BEGIN EXCERPTED RECORDS

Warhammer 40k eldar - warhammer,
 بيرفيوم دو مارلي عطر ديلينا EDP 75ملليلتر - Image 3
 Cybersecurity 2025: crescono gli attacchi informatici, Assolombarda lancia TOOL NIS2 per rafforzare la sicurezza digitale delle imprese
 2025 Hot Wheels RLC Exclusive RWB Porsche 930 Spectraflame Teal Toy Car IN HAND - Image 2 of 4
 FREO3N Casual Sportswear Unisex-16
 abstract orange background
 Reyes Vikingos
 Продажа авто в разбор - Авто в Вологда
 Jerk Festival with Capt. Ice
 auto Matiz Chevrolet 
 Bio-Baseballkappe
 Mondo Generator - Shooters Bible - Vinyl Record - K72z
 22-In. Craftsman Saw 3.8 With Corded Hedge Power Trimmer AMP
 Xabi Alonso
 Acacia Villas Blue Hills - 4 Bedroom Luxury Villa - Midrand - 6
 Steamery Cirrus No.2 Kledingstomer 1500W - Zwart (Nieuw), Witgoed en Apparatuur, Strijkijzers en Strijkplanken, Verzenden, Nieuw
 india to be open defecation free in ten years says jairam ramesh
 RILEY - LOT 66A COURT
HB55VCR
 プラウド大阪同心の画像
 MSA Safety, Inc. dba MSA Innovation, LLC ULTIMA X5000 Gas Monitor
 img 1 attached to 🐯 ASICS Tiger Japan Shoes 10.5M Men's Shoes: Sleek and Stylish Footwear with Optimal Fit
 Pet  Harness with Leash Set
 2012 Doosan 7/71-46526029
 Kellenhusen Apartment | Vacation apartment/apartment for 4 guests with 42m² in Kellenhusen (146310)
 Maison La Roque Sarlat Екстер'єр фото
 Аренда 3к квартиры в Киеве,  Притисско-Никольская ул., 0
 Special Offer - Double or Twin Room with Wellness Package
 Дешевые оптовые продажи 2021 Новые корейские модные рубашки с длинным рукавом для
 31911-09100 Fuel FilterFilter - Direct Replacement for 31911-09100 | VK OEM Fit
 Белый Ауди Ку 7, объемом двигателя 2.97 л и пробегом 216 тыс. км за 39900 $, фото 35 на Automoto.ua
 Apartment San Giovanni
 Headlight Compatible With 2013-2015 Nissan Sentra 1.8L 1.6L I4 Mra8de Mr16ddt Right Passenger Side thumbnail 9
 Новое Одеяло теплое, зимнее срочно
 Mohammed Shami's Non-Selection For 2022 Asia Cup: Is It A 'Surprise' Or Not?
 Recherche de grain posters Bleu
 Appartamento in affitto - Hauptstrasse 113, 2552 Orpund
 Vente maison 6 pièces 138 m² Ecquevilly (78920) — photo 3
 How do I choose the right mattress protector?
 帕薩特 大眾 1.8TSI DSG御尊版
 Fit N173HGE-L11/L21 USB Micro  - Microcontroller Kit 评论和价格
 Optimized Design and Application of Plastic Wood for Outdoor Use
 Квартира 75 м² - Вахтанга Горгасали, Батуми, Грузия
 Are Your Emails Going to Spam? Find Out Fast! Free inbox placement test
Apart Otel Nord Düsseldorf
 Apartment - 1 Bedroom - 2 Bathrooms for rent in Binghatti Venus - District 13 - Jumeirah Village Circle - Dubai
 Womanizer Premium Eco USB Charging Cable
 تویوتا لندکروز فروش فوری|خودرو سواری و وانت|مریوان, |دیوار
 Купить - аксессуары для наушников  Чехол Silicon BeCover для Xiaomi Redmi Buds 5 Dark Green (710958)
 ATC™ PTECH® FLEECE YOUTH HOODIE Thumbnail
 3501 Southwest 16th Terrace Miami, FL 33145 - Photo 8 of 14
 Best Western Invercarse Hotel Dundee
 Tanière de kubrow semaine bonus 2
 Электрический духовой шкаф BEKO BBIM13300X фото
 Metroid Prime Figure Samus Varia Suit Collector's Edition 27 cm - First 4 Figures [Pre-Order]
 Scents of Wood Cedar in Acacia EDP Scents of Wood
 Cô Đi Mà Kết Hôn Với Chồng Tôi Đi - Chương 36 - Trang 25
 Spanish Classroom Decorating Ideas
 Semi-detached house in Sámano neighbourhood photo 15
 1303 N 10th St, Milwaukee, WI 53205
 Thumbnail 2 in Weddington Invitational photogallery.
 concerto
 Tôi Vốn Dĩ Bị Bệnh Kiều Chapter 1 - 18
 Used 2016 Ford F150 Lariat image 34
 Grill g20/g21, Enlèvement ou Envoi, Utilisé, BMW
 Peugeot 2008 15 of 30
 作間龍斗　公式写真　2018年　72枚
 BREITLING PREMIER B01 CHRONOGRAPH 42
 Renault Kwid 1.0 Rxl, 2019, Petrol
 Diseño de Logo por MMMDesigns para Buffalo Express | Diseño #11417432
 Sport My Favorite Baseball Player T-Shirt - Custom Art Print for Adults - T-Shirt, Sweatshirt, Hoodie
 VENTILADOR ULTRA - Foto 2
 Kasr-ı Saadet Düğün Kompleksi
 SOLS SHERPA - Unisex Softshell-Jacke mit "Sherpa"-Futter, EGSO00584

END EXCERPTED RECORDS

• **WORK ORDER**:
The lines needed run from the first line of the data through the line containing "2012 Doosan 7/71-46526029"; give them again exactly and nothing else.

• **YOUR SOLUTION**:
Warhammer 40k eldar - warhammer,
 بيرفيوم دو مارلي عطر ديلينا EDP 75ملليلتر - Image 3
 Cybersecurity 2025: crescono gli attacchi informatici, Assolombarda lancia TOOL NIS2 per rafforzare la sicurezza digitale delle imprese
 2025 Hot Wheels RLC Exclusive RWB Porsche 930 Spectraflame Teal Toy Car IN HAND - Image 2 of 4
 FREO3N Casual Sportswear Unisex-16
 abstract orange background
 Reyes Vikingos
 Продажа авто в разбор - Авто в Вологда
 Jerk Festival with Capt. Ice
 auto Matiz Chevrolet 
 Bio-Baseballkappe
 Mondo Generator - Shooters Bible - Vinyl Record - K72z
 22-In. Craftsman Saw 3.8 With Corded Hedge Power Trimmer AMP
 Xabi Alonso
 Acacia Villas Blue Hills - 4 Bedroom Luxury Villa - Midrand - 6
 Steamery Cirrus No.2 Kledingstomer 1500W - Zwart (Nieuw), Witgoed en Apparatuur, Strijkijzers en Strijkplanken, Verzenden, Nieuw
 india to be open defecation free in ten years says jairam ramesh
 RILEY - LOT 66A COURT
HB55VCR
 プラウド大阪同心の画像
 MSA Safety, Inc. dba MSA Innovation, LLC ULTIMA X5000 Gas Monitor
 img 1 attached to 🐯 ASICS Tiger Japan Shoes 10.5M Men's Shoes: Sleek and Stylish Footwear with Optimal Fit
 Pet  Harness with Leash Set
 2012 Doosan 7/71-46526029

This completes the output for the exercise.